# Stacking with Two Levels (Base: 5 models) for TPS Sep 2021
In this notebook, I will use a 2-level stacking model with a meta-learner to predict probabilities for claims based on insurance policies (on Tabular Playground Sep 2021).

The levels are:
1. RandomForestClassifier, ExtraTreesClassifier, AdaBoostClassifier, HistGradientBoostingClassifier, and GaussianNB
2. XGBClassifier

## Imports

In [None]:
# This Python 3 environment comes with many helpful analytics libraries installed
# It is defined by the kaggle/python Docker image: https://github.com/kaggle/docker-python
# For example, here's several helpful packages to load

import numpy as np # linear algebra
import pandas as pd # data processing, CSV file I/O (e.g. pd.read_csv)

# organization
from sklearn.pipeline import Pipeline

# data preprocessing
from sklearn.impute import SimpleImputer
from sklearn.preprocessing import StandardScaler

# models
# Level 1
from sklearn.experimental import enable_hist_gradient_boosting
from sklearn.ensemble import (RandomForestClassifier, ExtraTreesClassifier, \
                              AdaBoostClassifier, HistGradientBoostingClassifier)
from sklearn.naive_bayes import GaussianNB

# Level 2
from xgboost import XGBClassifier

# Cross-validation and out-of-folds prediction
from sklearn.model_selection import KFold

# Input data files are available in the read-only "../input/" directory
# For example, running this (by clicking run or pressing Shift+Enter) will list all files under the input directory

import os
for dirname, _, filenames in os.walk('/kaggle/input'):
    for filename in filenames:
        print(os.path.join(dirname, filename))

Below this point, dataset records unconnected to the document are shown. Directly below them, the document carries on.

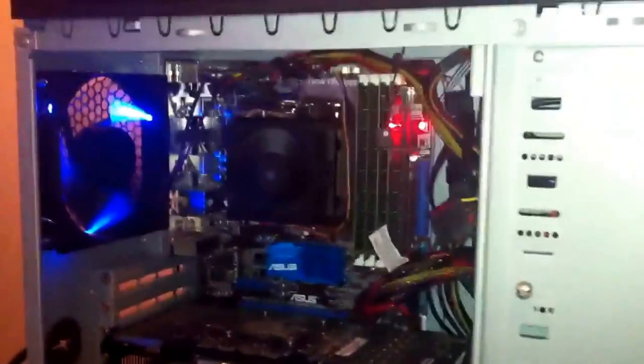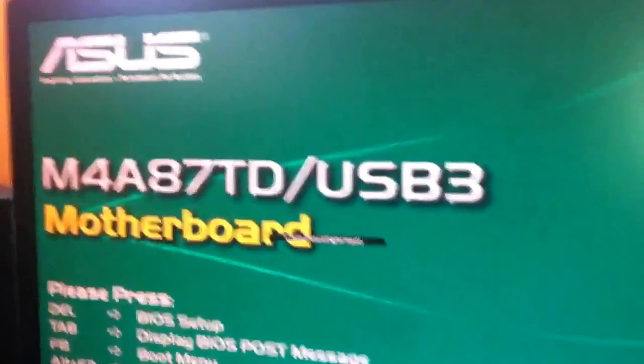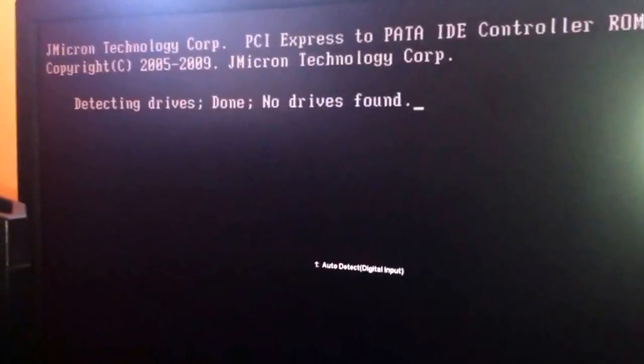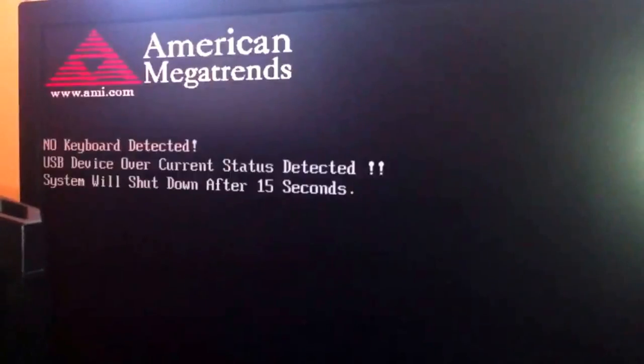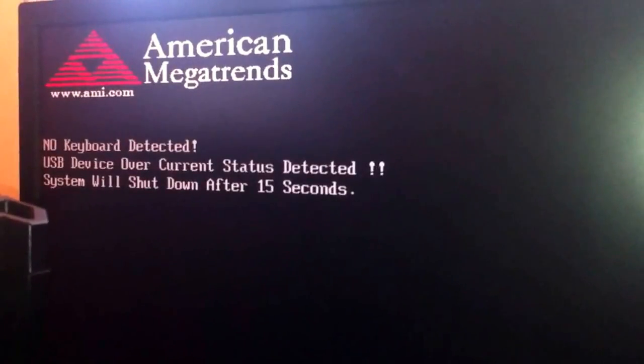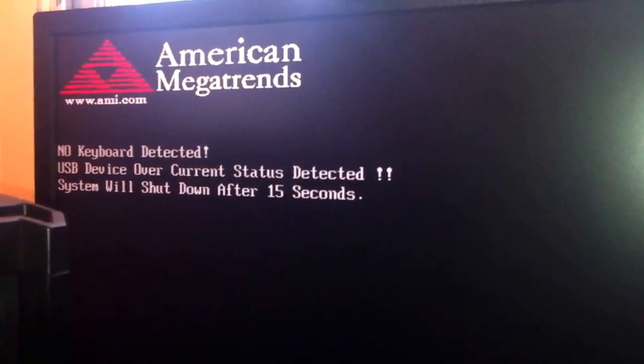We've got a problem with my PC, my tower PC. My laptop is doing fine, but my desktop that's about 2 to 3 years old is coming up with this error — 'USB device over current status detected' — and it shuts down in 15 seconds.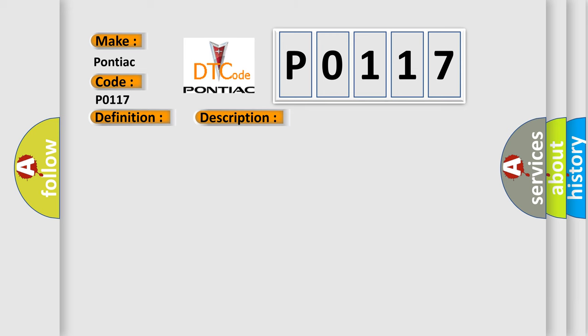This diagnostic error occurs most often in these cases: connector or terminal damage, mechanical failure in the adjustable pedals, adjustable pedals motor forward circuit open, adjustable pedals motor rearward circuit open, sensor ground circuit open, adjustable pedals motor, memory seat module driver MSMD.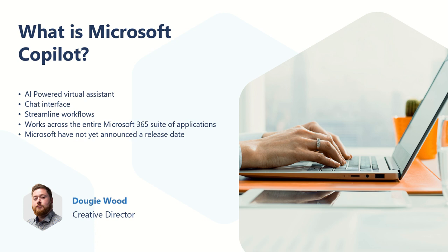Microsoft have still not yet fully announced a release date for Microsoft Copilot. But what they have committed to is that these products are going to be available in preview before the end of 2023.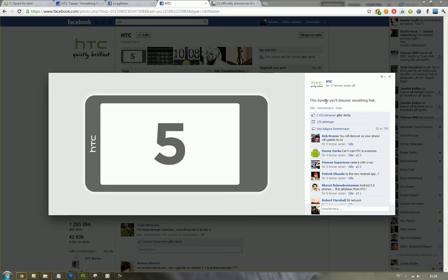So the LG Optimus VU, Samsung Galaxy Note, you know, they get a friend, you know, up there in the top.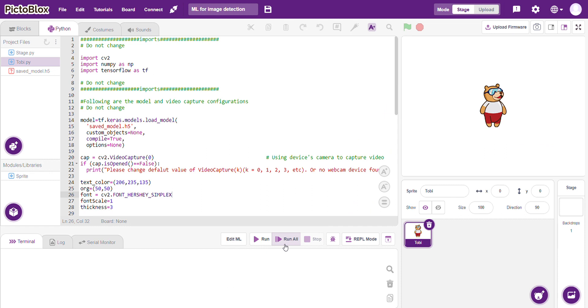When we run the model, the webcam will be on and I have to show a random image and it will tell whether it's cancerous or not. So I have my phone, a random image is ready. I have found it on Google.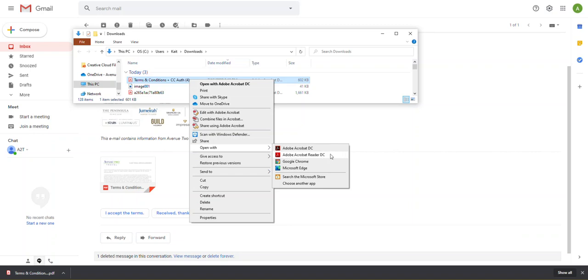This is a free program and you can get this online simply by Googling download Adobe Acrobat Reader DC. And I will also link to that at the end of this video.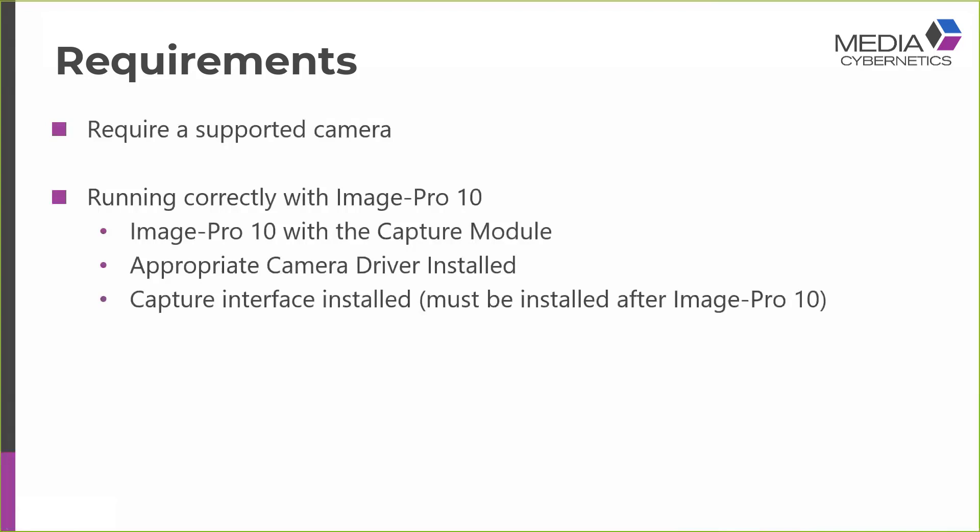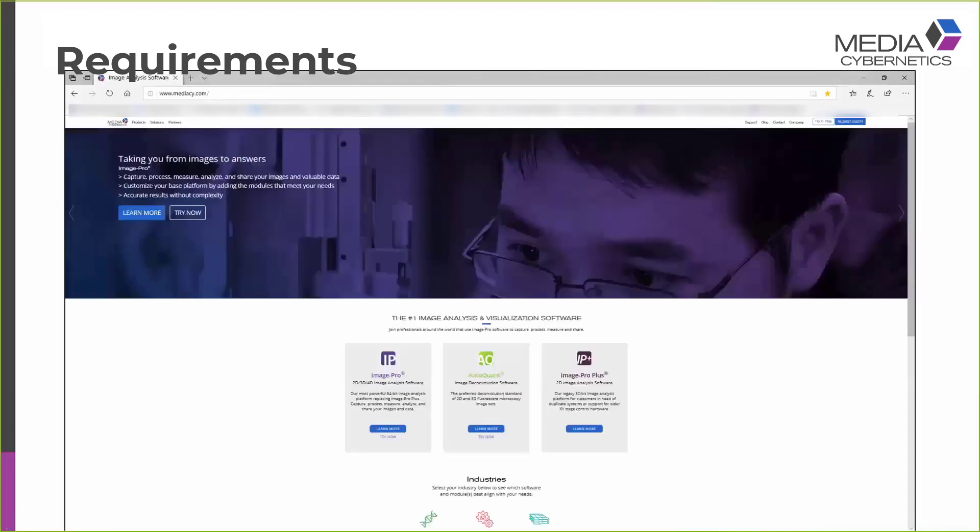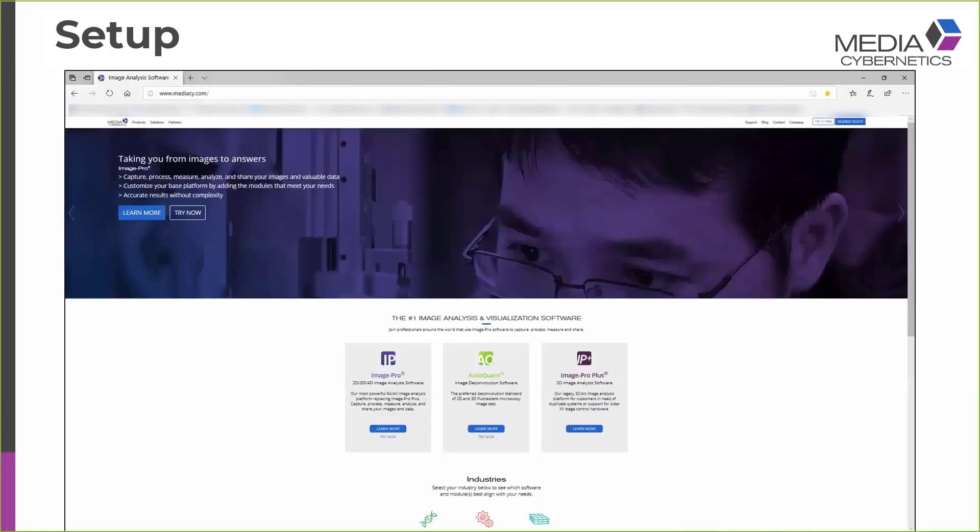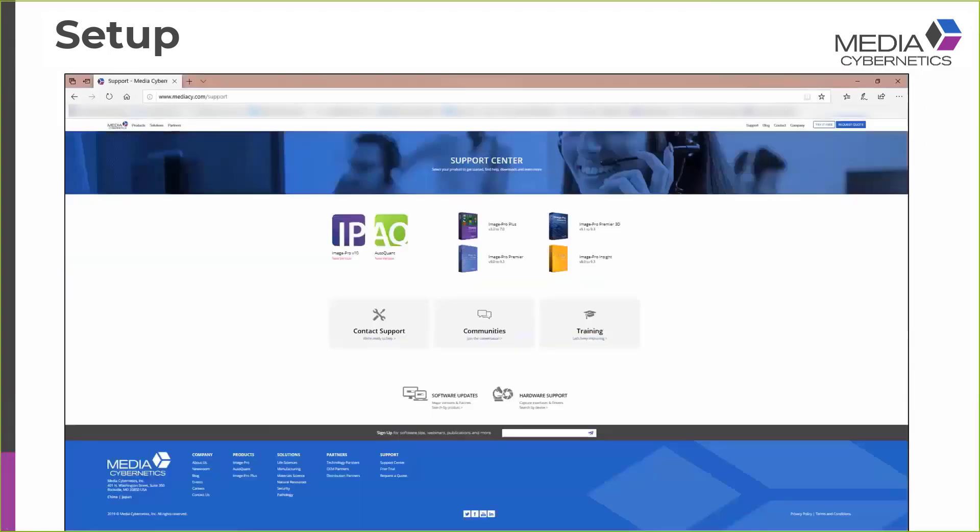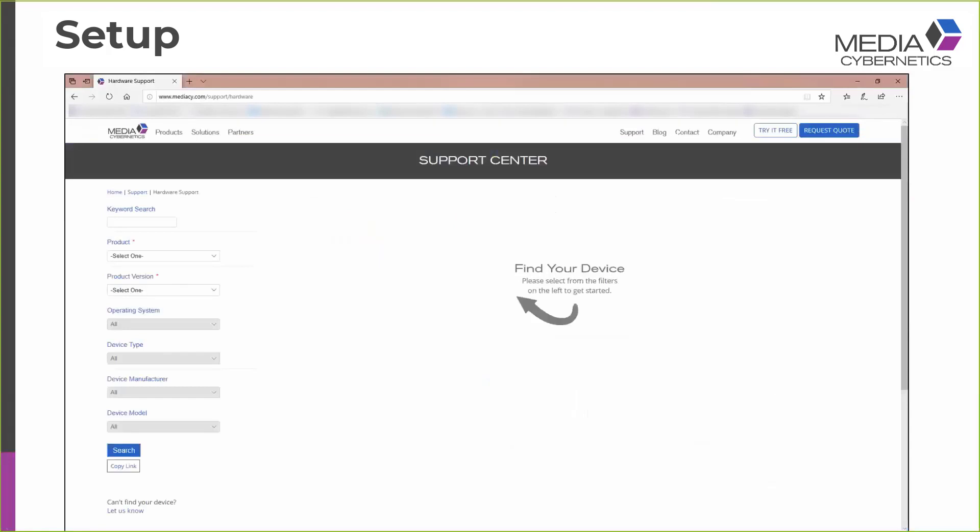This must be installed after Image Pro X for reasons that will become obvious later in the presentation. So when you want to check that your camera you're thinking of selling is fully supported in Image Pro X, I'm sure you're all familiar with our website. You'll find on our homepage in the top right hand corner a link to the support page. At the bottom there you'll find a link to the hardware support page. And if you follow that link, you see this series of drop down menus in which you can find your software product, operating system, device type, manufacturer, and model.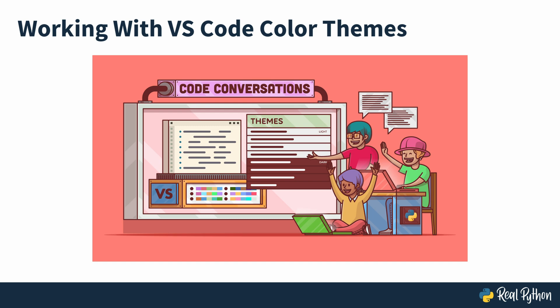Welcome to another RealPython code conversation. I'm Filip and today I will show you some things about VS Code themes.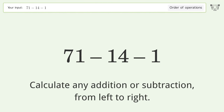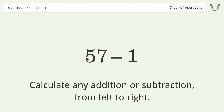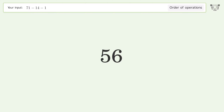Calculate any addition or subtraction from left to right: 71 minus 14 equals 57. Then 57 minus 1 equals 56. And so the final result is 56.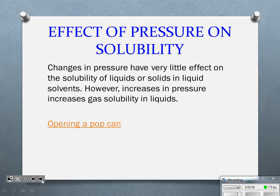When I open that pop can, I am changing the pressure. I'm actually decreasing the pressure to be somewhat near atmospheric pressure. When I decrease that pressure, I have less gas that can be dissolved — unless you hear a hiss coming at you.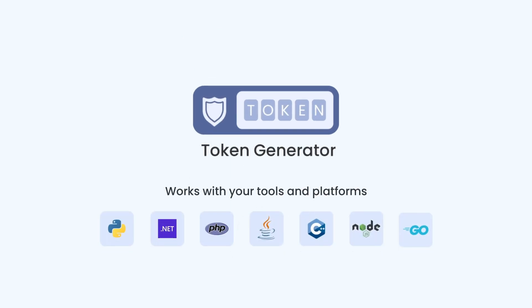ZeeGo Cloud also provides an open-source token generator plugin on GitHub, with different programming languages for easy generation.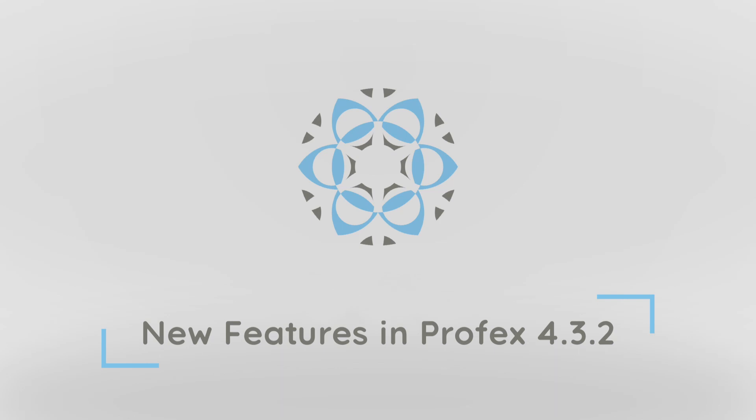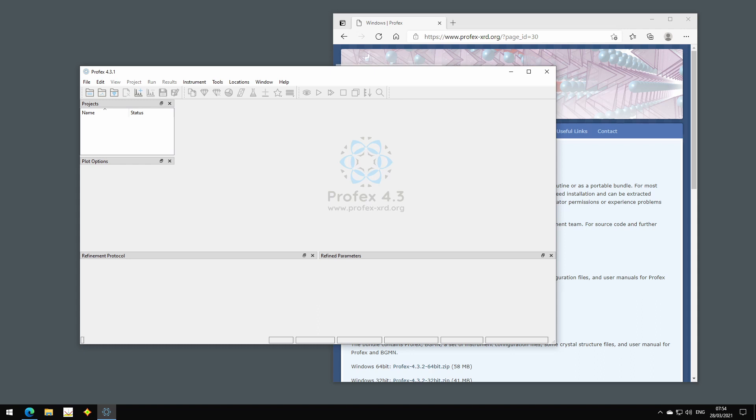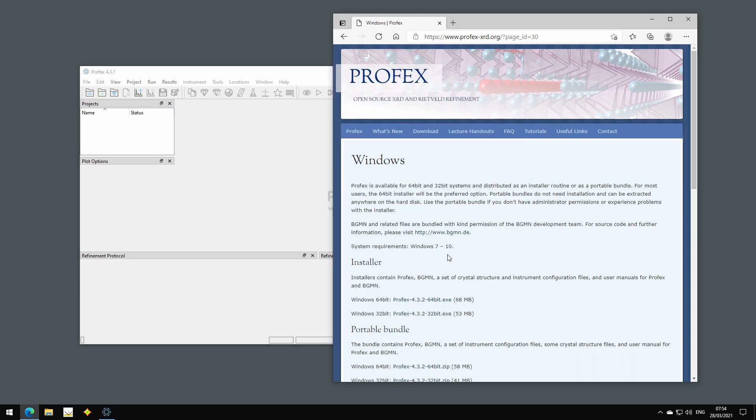At the beginning of the video I will also show you how to upgrade to this version on Windows, because I added a new and more convenient upgrade mechanism. The new upgrade mechanism was introduced with version 4.3.1, so it only works if you installed this version with the installer package from the Profex website, but not if you installed it with the portable bundle.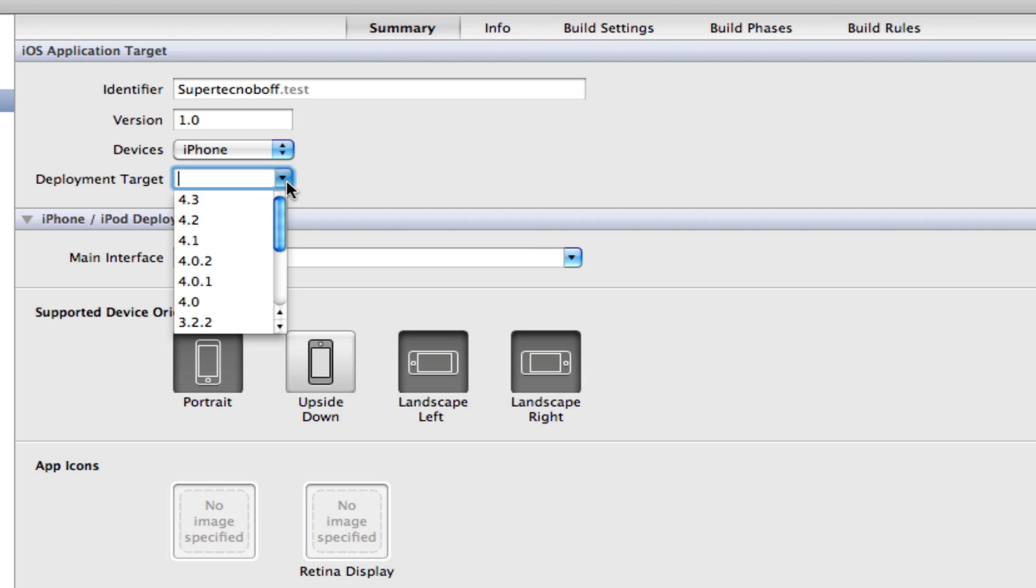And so this is going to be your minimum iOS requirement. So if you need multitasking, then you'll need to set it as 4.0 or higher. However, if multitasking isn't a necessity for your application, then you can either select the latest version of iOS or use an older version if you want to be more backwards compatible.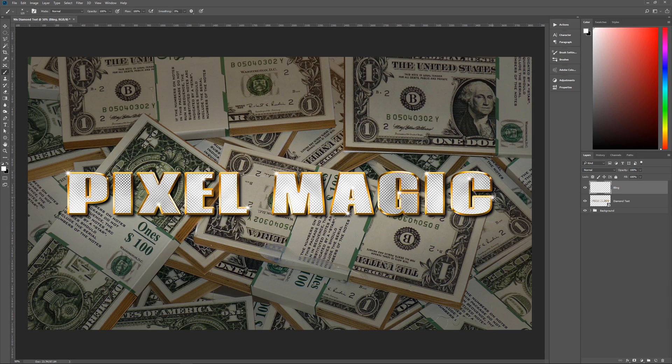And there you have it — beautiful 90s diamond text effect! I hope you enjoyed this tutorial. If you did, please leave me a comment, give me a thumbs up and subscribe. I do new tutorials every Tuesday. This is Geek Man signing off for Pixel Magic Tutorials.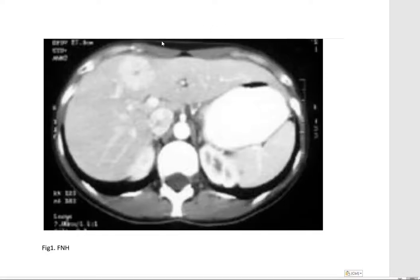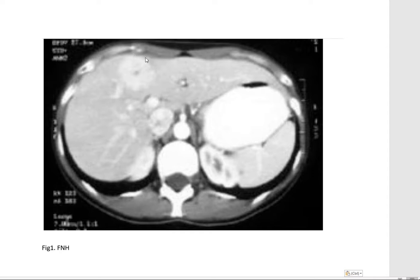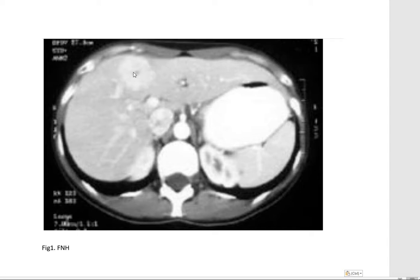Let's discuss some radiological features. Here you can see a liver with a lesion — this is focal nodular hyperplasia (FNH), because you can see scarring. The characteristic appearance is uniform enhancement, unlike hepatic adenoma in which there is peripheral enhancement only. I will show you the picture of hepatic adenoma shortly, but remember: uniform enhancement is the hallmark of FNH.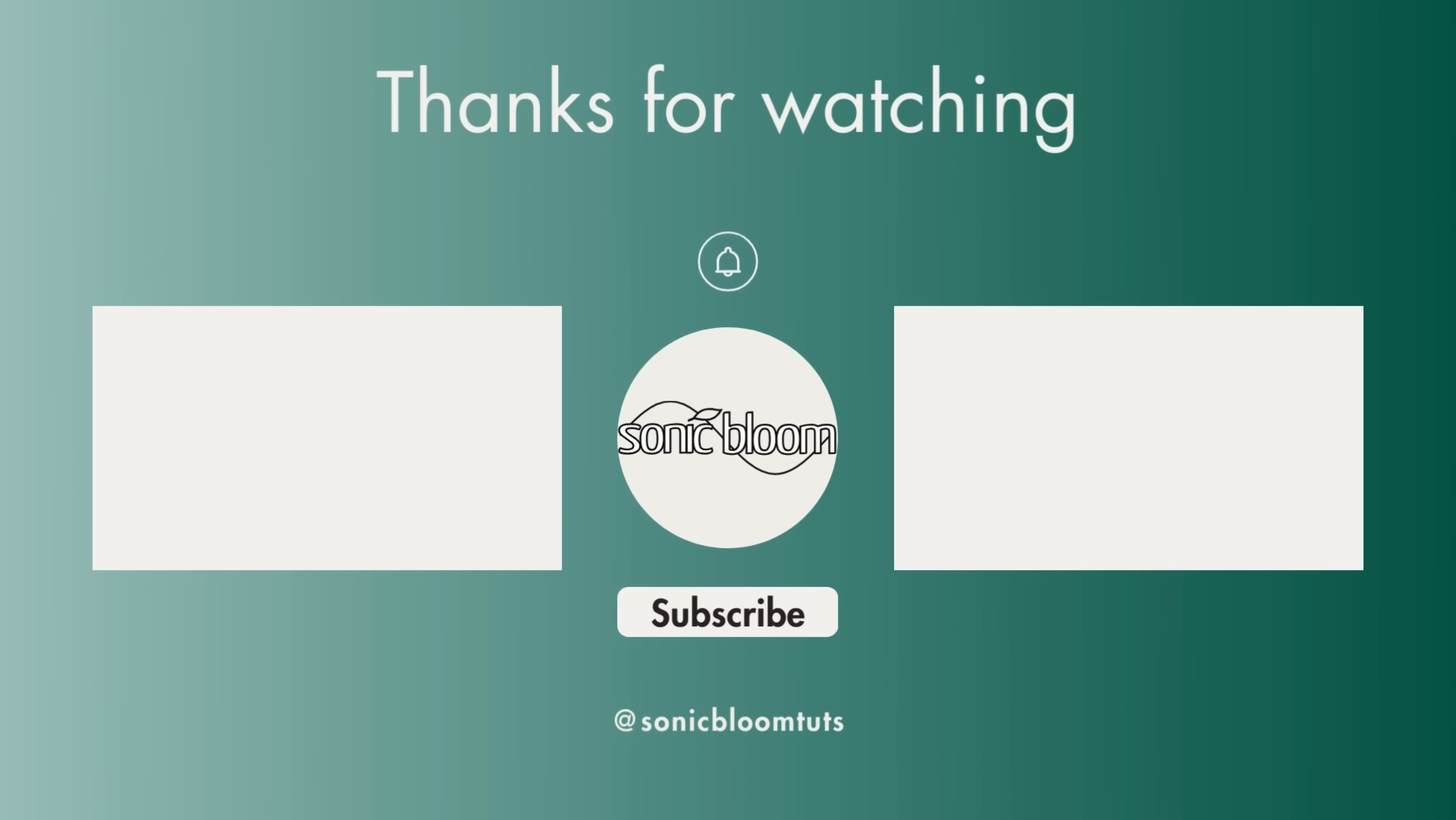Well, that's it. I hope you found this useful. If you did, don't forget to like, share, and subscribe. And I'll see you next time. Until then, bye.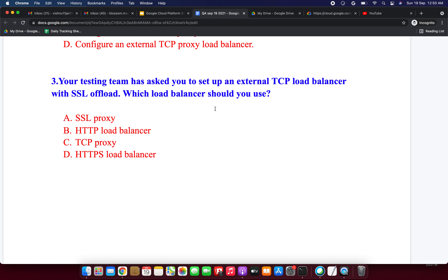Next question: your testing team has asked you to set up an external TCP load balancer with SSL offload. Which load balancer should you use? Option A: SSL Proxy. Option B: HTTP Load Balancer. Option C: TCP Proxy. Option D: HTTPS Load Balancer. The SSL Proxy is a reverse proxy layer 4 external load balancer that distributes SSL traffic from the internet to VM instances in the VPC network. It supports SSL offload, where SSL/TLS connections are terminated at the load balancing layer and then proxied to the closest available backend. The answer is SSL Proxy.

# You can write up to 20GB to the current directory (/kaggle/working/) that gets preserved as output when you create a version using "Save & Run All" 
# You can also write temporary files to /kaggle/temp/, but they won't be saved outside of the current session

## Data Imports and Preprocessing

In [None]:
train_data = pd.read_csv("../input/tabular-playground-series-sep-2021/train.csv")
test_data = pd.read_csv("../input/tabular-playground-series-sep-2021/test.csv")

In [None]:
features = [col for col in train_data.columns if col != "claim" and col != "id"] # keeping track of the features
X = train_data[features]
X_test = test_data[features]
y = train_data["claim"]
X.head()

In [None]:
# preprocessing of data
preprocessor = Pipeline(steps=[
    ("imputer", SimpleImputer(strategy = "mean")),
    ("scaler", StandardScaler())
])

imputed_X = pd.DataFrame(preprocessor.fit_transform(X))
imputed_X_test = X = pd.DataFrame(preprocessor.transform(X_test))

imputed_X.columns = X.columns
imputed_X_test.columns = X_test.columns

X = imputed_X
X_test = imputed_X_test

In [None]:
# check to see that all of the values were imputed
series = X.isna().count(False) != 957919
print(series.sum())
series = X_test.isna().count(False) == X_test.iloc[0].count()
print(series.sum())

## Training and Levels
I will train a 2-level model in this section. The levels will be:
1. Level 1:
* RandomForestClassifier
* ExtraTreesClassifier
* AdaBoostClassifier
* HistGradientBoostingClassifier
* GaussianNB
2. Level 2:
* XGBClassifier

In [None]:
# see references for these functions

# Parameters to be used later
ntrain = X.shape[0]
ntest = X_test.shape[0]
SEED = 0 # for reproducibility
NFOLDS = 5 # folds for out-of-fold prediction
kf = KFold(n_splits= NFOLDS)

# Class to extend the sklearn classifier
class SklearnHelper(object):
    def __init__(self, clf, seed=0, params=None):
        if (clf != GaussianNB):
            params['random_state'] = seed
        self.clf = clf(**params)

    def train(self, x_train, y_train):
        self.clf.fit(x_train, y_train)

    def predict(self, x):
        return self.clf.predict(x)
    
    def fit(self,x,y):
        return self.clf.fit(x,y)
    
    def feature_importances(self,x,y):
        print(self.clf.fit(x,y).feature_importances_)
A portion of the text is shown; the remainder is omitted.